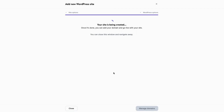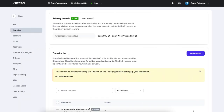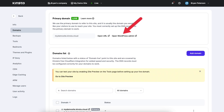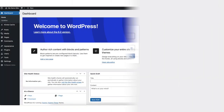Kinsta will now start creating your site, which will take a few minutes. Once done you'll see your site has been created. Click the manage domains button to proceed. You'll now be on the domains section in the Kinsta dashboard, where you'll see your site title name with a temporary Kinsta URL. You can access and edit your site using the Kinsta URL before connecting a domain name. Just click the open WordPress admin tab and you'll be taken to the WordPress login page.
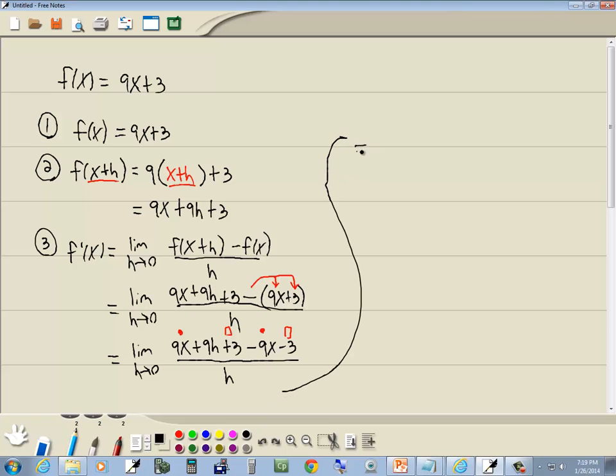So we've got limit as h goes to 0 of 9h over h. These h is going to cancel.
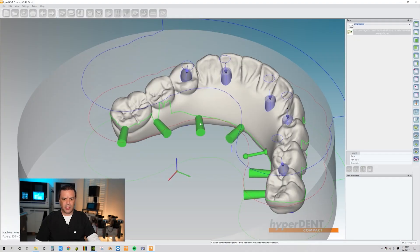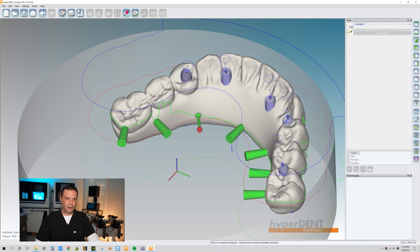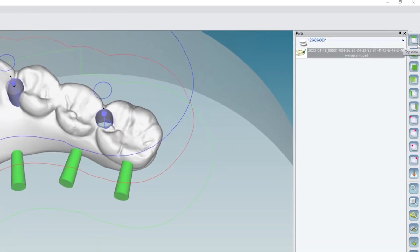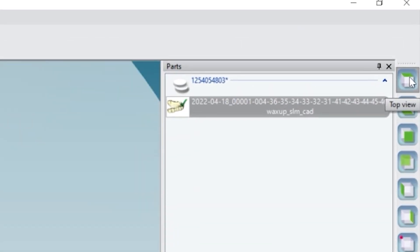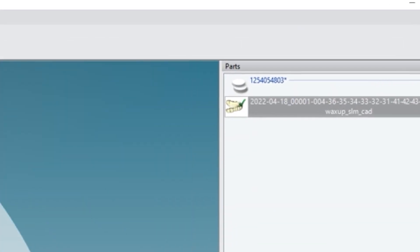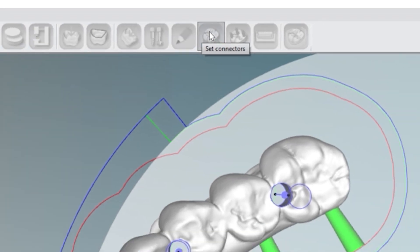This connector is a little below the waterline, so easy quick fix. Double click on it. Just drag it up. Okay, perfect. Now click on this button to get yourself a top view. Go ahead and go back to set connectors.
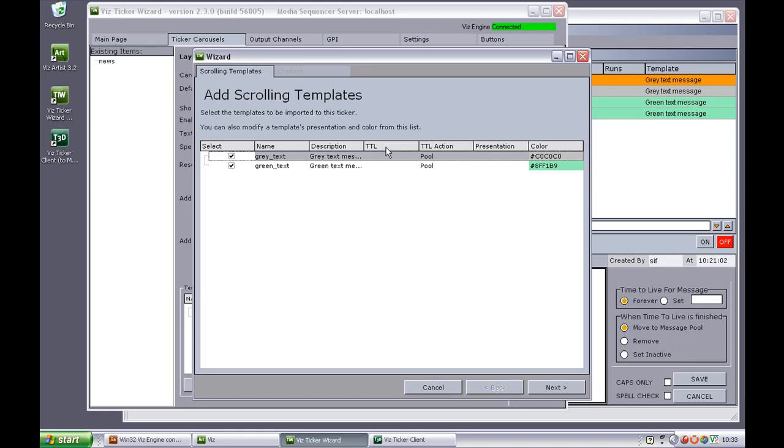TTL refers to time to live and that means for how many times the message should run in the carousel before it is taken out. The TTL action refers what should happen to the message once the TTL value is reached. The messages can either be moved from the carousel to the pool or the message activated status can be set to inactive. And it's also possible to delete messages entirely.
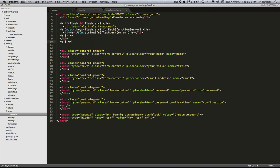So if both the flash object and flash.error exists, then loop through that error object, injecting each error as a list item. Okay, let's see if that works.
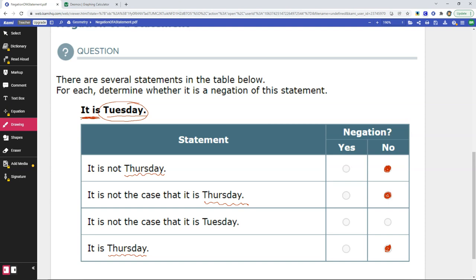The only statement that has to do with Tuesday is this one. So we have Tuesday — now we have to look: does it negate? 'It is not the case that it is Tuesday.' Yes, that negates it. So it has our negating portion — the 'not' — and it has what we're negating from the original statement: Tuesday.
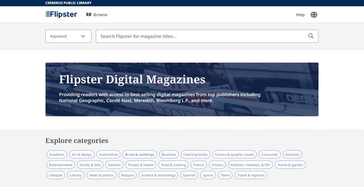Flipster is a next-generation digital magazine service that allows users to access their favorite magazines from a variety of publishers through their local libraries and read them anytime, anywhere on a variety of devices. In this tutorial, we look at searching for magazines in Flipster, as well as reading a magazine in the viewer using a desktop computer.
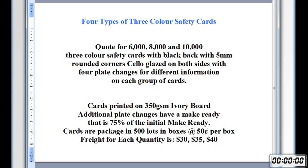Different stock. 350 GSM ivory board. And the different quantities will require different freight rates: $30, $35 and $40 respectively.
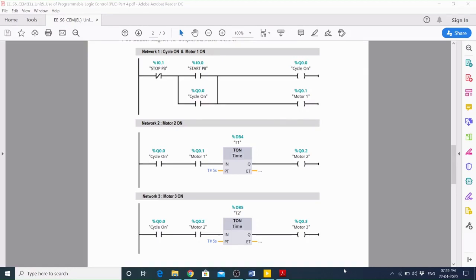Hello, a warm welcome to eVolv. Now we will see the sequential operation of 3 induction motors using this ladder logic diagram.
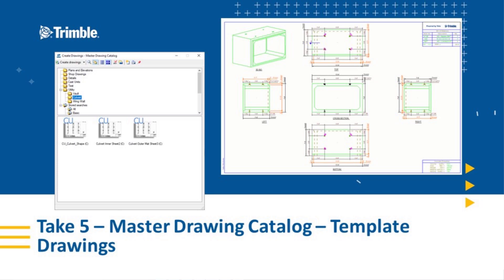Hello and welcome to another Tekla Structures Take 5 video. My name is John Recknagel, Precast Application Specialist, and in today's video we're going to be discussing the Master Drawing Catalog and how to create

---

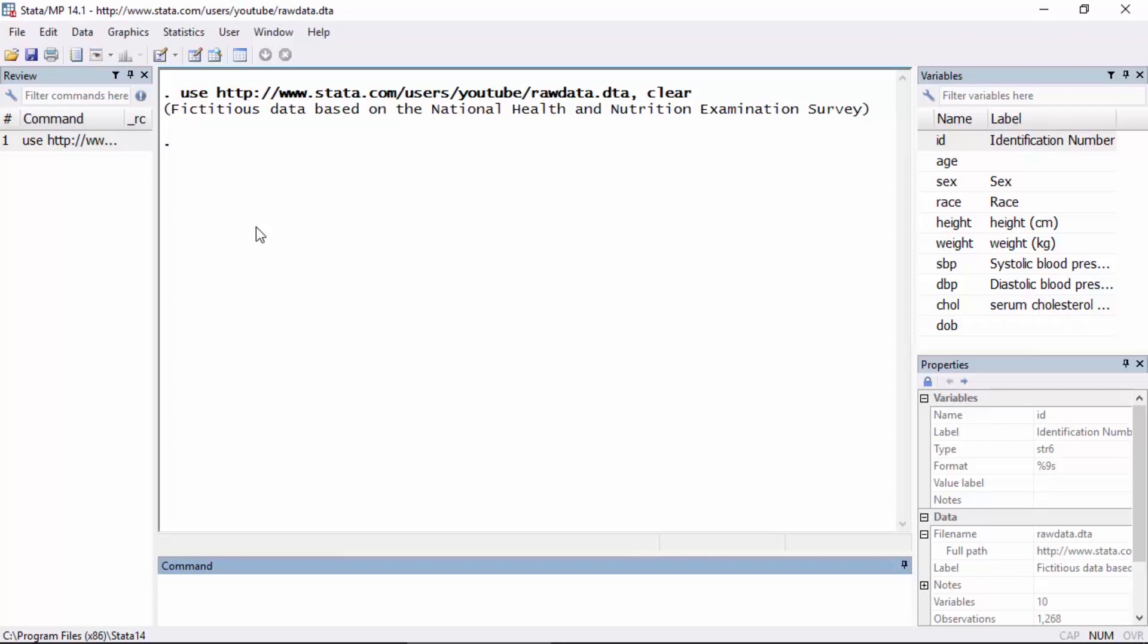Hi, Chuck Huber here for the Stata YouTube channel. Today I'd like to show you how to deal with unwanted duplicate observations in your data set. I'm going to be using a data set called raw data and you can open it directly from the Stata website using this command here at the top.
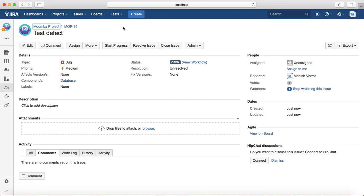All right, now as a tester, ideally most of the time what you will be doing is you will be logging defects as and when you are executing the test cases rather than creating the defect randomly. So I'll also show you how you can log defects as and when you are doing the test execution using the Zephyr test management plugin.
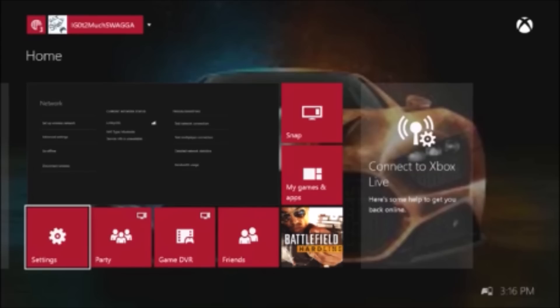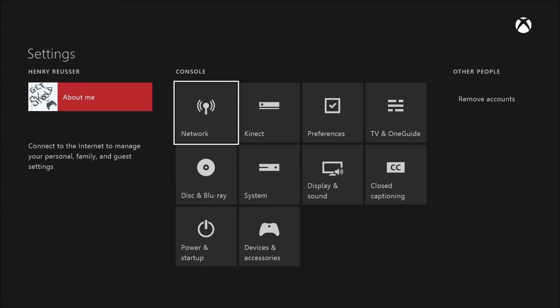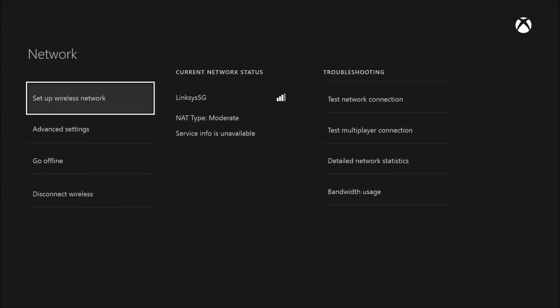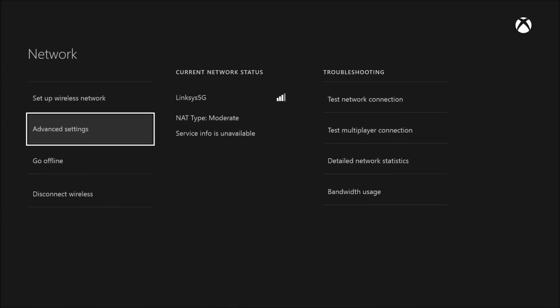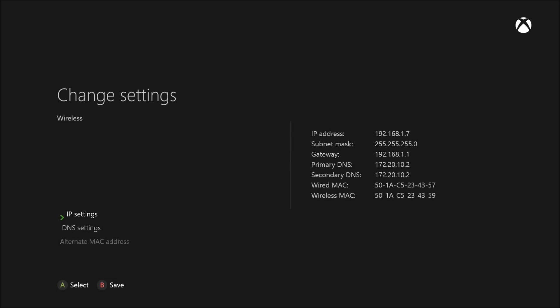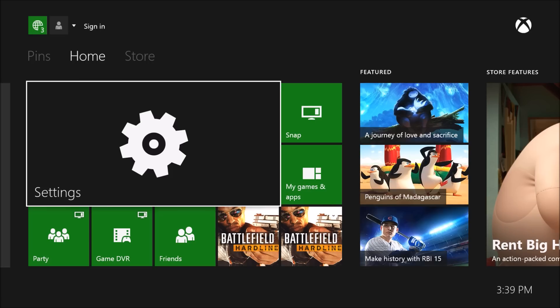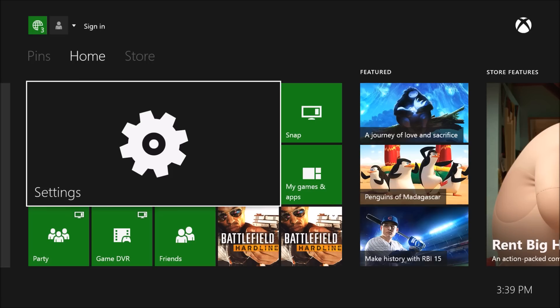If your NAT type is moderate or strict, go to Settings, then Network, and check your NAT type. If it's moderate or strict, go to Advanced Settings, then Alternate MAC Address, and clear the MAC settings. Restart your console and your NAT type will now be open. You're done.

...

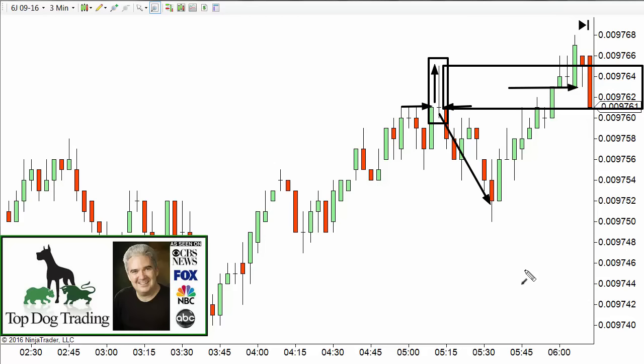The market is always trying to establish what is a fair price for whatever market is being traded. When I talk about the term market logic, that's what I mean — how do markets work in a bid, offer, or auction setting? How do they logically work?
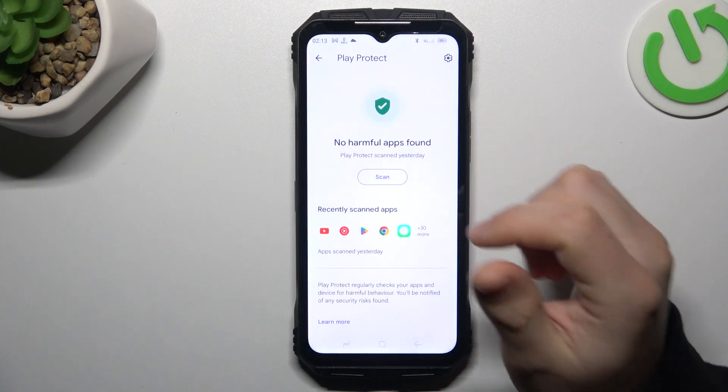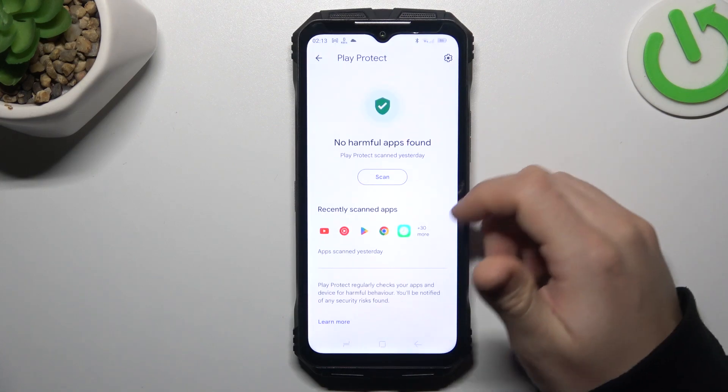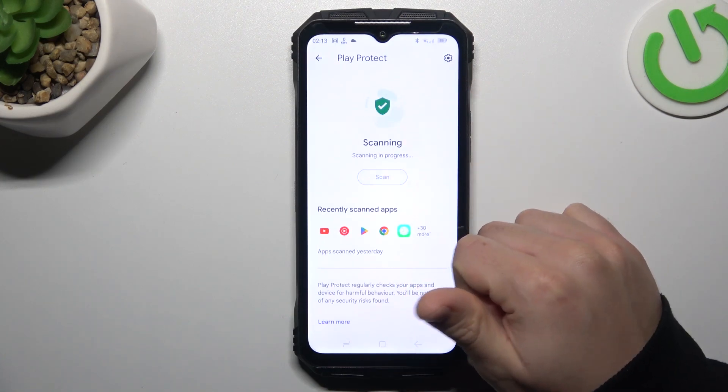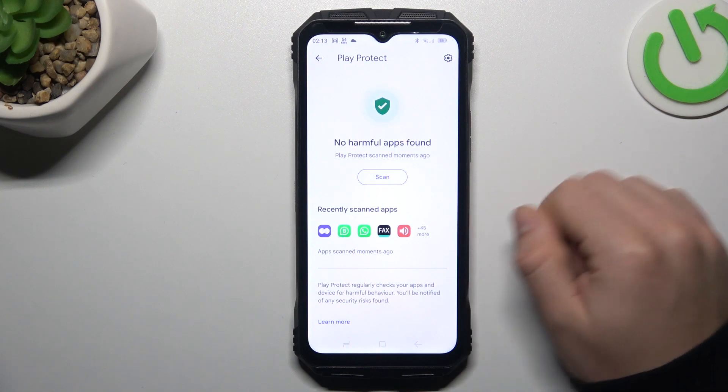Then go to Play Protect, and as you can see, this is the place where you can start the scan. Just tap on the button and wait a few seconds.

Prompt -
Write out, word for word, the stretch of entries that begins at the line with "So we've got" and ends at the line with "The only statement". Pictures do not belong in it.

Response for this exercise -
So we've got limit as h goes to 0 of 9h over h. These h is going to cancel.
This connector is a little below the waterline, so easy quick fix. Double click on it. Just drag it up. Okay, perfect. Now click on this button to get yourself a top view. Go ahead and go back to set connectors.
TTL refers to time to live and that means for how many times the message should run in the carousel before it is taken out. The TTL action refers what should happen to the message once the TTL value is reached. The messages can either be moved from the carousel to the pool or the message activated status can be set to inactive. And it's also possible to delete messages entirely.
So if both the flash object and flash.error exists, then loop through that error object, injecting each error as a list item. Okay, let's see if that works.
The only statement that has to do with Tuesday is this one. So we have Tuesday — now we have to look: does it negate? 'It is not the case that it is Tuesday.' Yes, that negates it. So it has our negating portion — the 'not' — and it has what we're negating from the original statement: Tuesday.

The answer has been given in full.